Monitoring & debugging

Every deployment has a dashboard with the three signals you reach for when something is off — usage charts, log output, and the underlying cluster events.

Metrics#

The Metric tab plots CPU, memory, request rate, and egress for the deployment. Both usage and allocated (request) lines are shown — the gap between them tells you whether you’re under- or over-provisioned. The time-range selector spans 1 hour aggregate, 1 day, 7 days, and 30 days.

console.deploys.app/deployment/metrics?project=acme&location=gke.cluster-rcf2&name=web
Live CPU, memory, request rate, and egress charts for the web deployment
Solid lines are real usage; dashed lines are the request you’ve allocated.

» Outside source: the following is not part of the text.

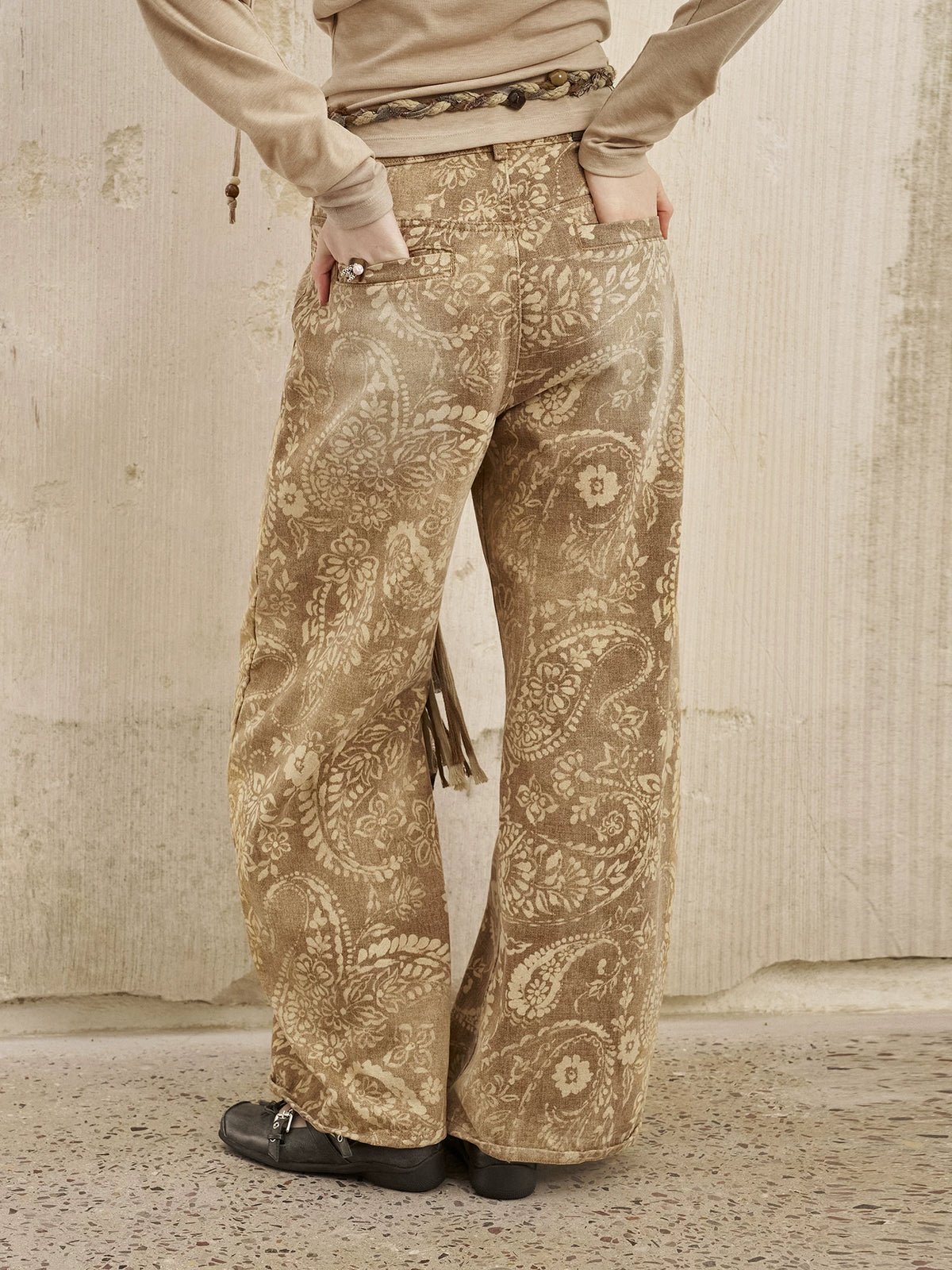 Brown Paisley Wide-Leg Jeans product view 4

Metrics are also available from the API as time-series:

curl https://api.deploys.app/deployment.metrics \
  -H "Authorization: Bearer $DEPLOYS_TOKEN" \
  -d '{ "project": "acme", "location": "gke.cluster-rcf2",
        "name": "web", "timeRange": "1d" }'

The response is a set of named series, one per metric, each a list of [unixSeconds, value] points.

Logs#

The Logs tab streams the deployment’s stdout and stderr. Hit Stream Raw Logs to switch to a continuous follower (the default view is bounded to the recent buffer). All replicas are interleaved — each line is prefixed with its pod name so you can tell them apart.

Things to know:

  • Logs are not retained indefinitely. Persist anything you care about long-term by shipping it to your own log aggregator (the platform doesn’t ingest them for you).
  • High-volume log output (thousands of lines per second) can be sampled. Keep log lines short; bury big payloads in your aggregator instead.

Kubernetes events#

The Events tab shows the cluster events behind the deployment — image-pull failures, OOM-kills, scheduling delays, readiness check fails. This is the first place to look when a deploy gets stuck “Pending.”

Common patterns:

  • ImagePullBackOff — the image isn’t reachable. Check the image name and digest, and confirm the pull secret if it’s a private registry.
  • OOMKilled — your container exceeded its memory limit. Raise resources.limits.memory or fix the leak.
  • Insufficient cpu / Insufficient memory — the cluster can’t schedule the requested resources right now. Lower the request or pick a different location.

What runs where#

Everything you see in the dashboard is computed from data the platform collects passively — there’s nothing to instrument inside your container.

SignalSource
CPU / memory usagePod cgroups, scraped at 60 s intervals
Request rate / egressThe ingress and routing layer
LogsContainer stdout / stderr, streamed via the events channel
EventsNative Kubernetes events for the deployment’s pods

Alerting#

The platform doesn’t ship its own alerting. The recommended pattern is to poll deployment.metrics from your own monitoring system (Grafana, Datadog, Honeycomb, …) and define alerts there — usage data is the same underlying time-series the dashboard reads.

A small service account with read-only permissions is the right principal for this:

deploys role create --project acme --role metrics-reader \
  --permissions deployment.list,deployment.get,deployment.metrics

Bind it to your monitoring service account and use the credentials in your exporter.